### INFORMATION SUPPLIED
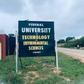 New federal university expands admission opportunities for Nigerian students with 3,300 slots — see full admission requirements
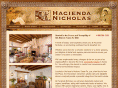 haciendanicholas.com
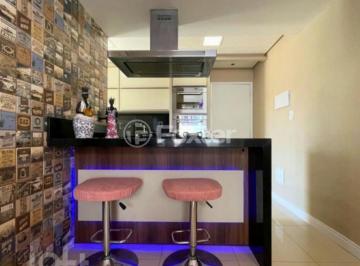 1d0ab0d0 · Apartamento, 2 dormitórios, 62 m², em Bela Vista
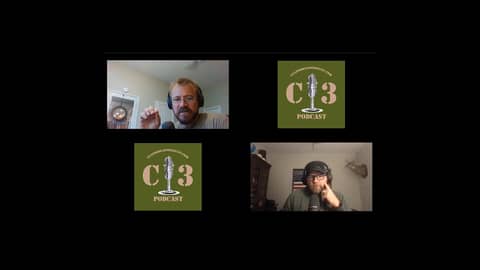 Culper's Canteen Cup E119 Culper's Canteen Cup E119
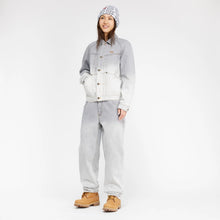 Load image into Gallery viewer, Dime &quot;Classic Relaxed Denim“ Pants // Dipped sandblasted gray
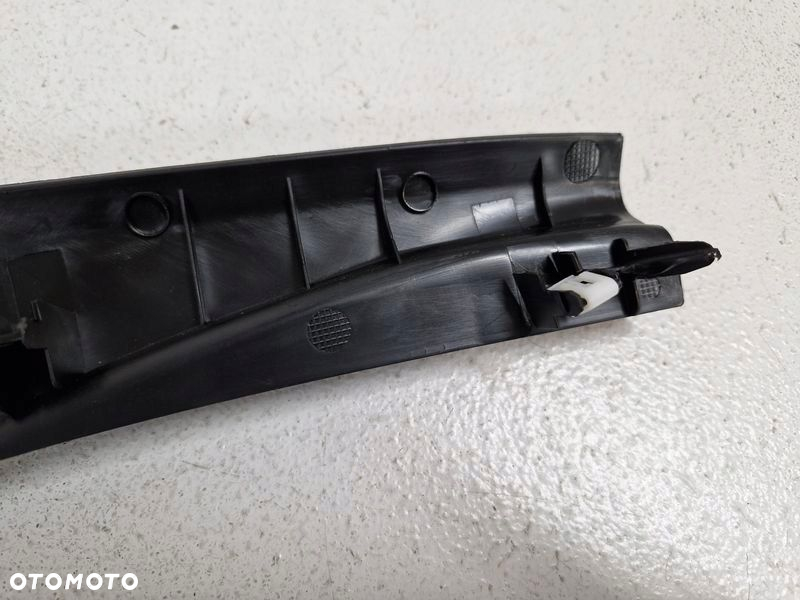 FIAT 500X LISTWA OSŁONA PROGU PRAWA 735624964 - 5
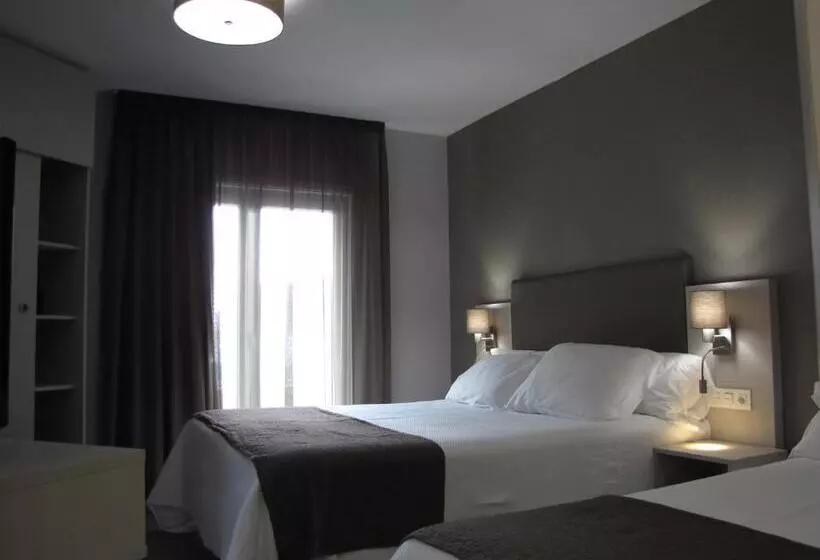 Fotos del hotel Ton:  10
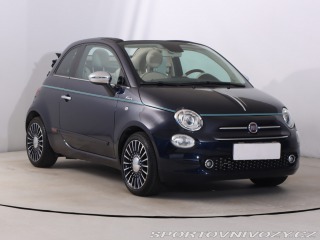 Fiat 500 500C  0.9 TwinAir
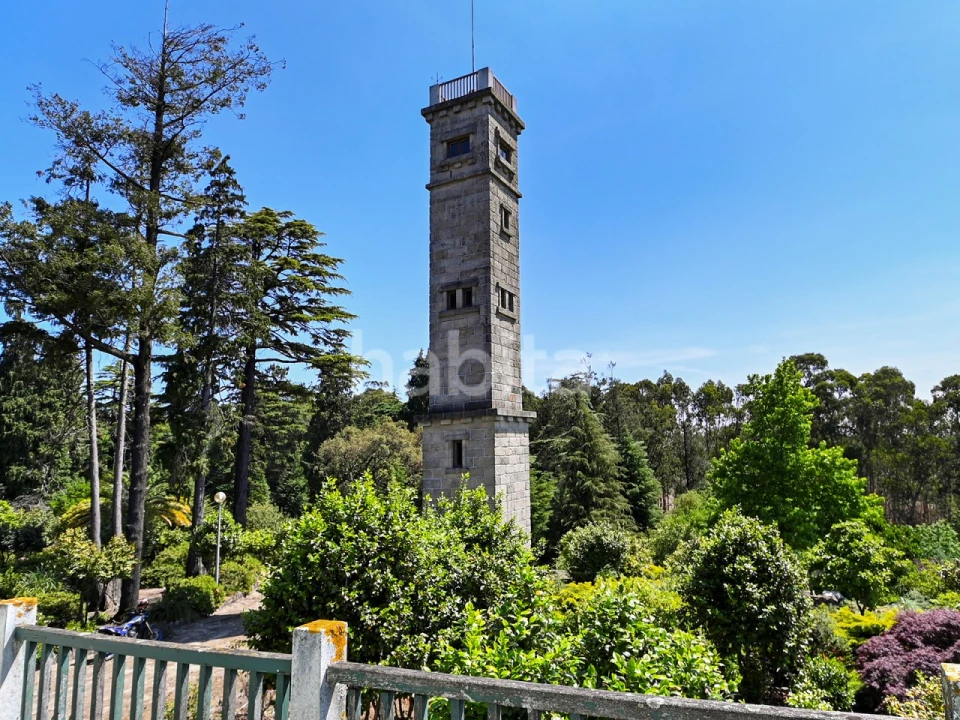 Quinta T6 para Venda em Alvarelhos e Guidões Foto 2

--

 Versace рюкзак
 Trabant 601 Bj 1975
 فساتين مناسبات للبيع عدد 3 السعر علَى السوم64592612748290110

---

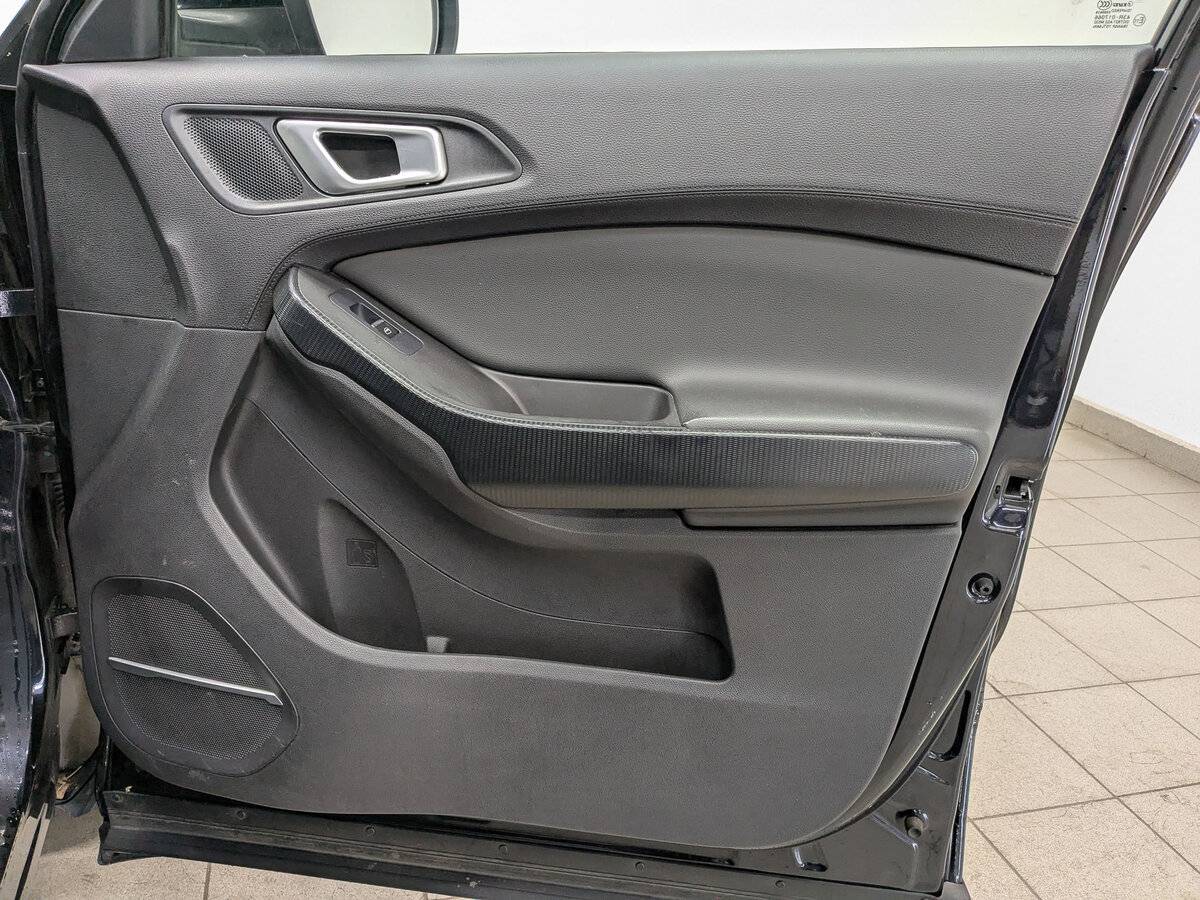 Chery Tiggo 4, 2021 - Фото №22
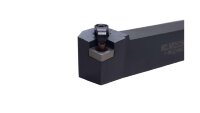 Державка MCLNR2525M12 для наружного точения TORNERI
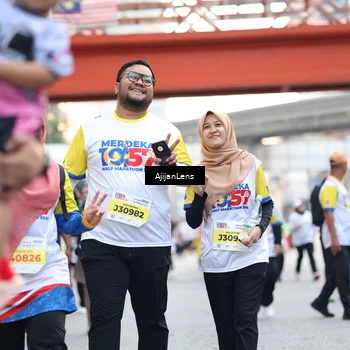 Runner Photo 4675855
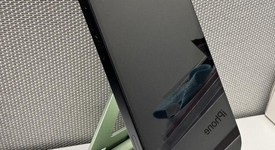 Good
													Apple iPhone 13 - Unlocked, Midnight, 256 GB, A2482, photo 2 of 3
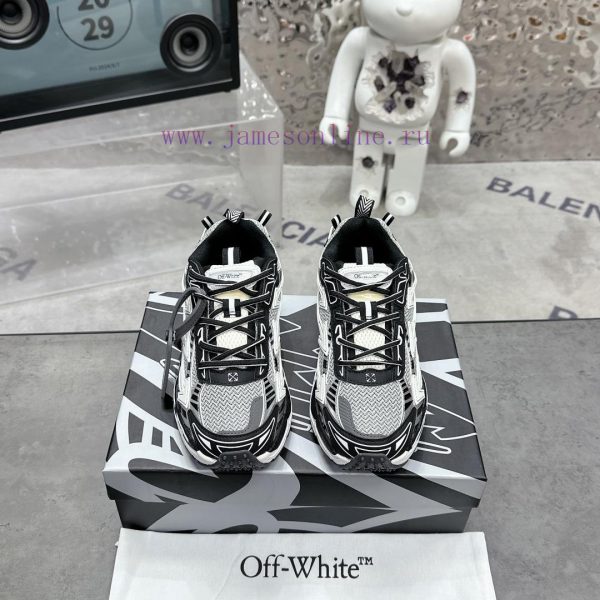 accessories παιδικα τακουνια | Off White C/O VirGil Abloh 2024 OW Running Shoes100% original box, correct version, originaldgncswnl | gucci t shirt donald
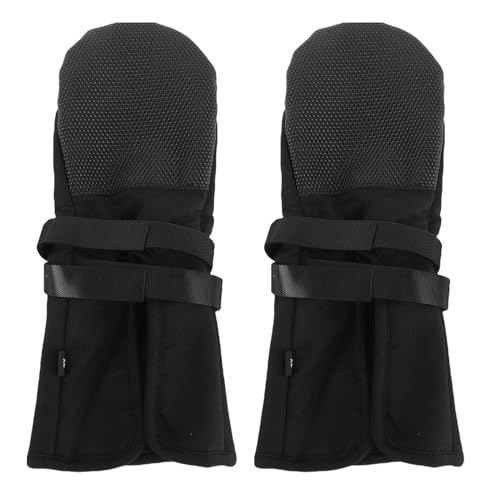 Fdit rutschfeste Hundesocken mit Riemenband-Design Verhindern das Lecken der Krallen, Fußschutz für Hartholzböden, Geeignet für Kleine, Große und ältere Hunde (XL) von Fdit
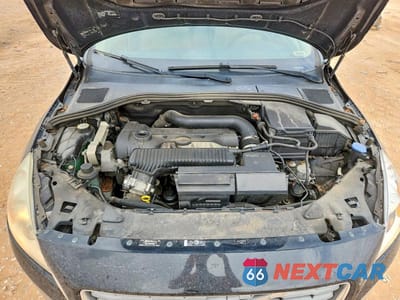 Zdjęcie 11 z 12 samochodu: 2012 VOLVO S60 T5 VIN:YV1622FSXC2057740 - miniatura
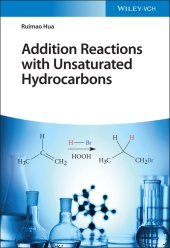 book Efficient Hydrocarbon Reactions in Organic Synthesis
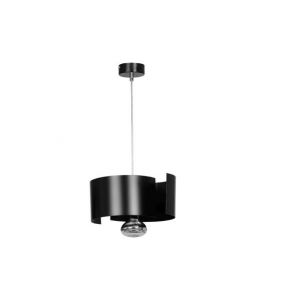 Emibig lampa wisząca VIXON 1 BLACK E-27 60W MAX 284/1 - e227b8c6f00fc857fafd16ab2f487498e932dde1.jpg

### TASK INSTRUCTIONS
In the listing above, find the line containing "Apple iPhone 13" and the line containing "accessories παιδικα τακουνια"; print those lines and every line between them exactly, leaving out pictures.

### SOLUTION FOR THIS TASK
													Apple iPhone 13 - Unlocked, Midnight, 256 GB, A2482, photo 2 of 3
 accessories παιδικα τακουνια | Off White C/O VirGil Abloh 2024 OW Running Shoes100% original box, correct version, originaldgncswnl | gucci t shirt donald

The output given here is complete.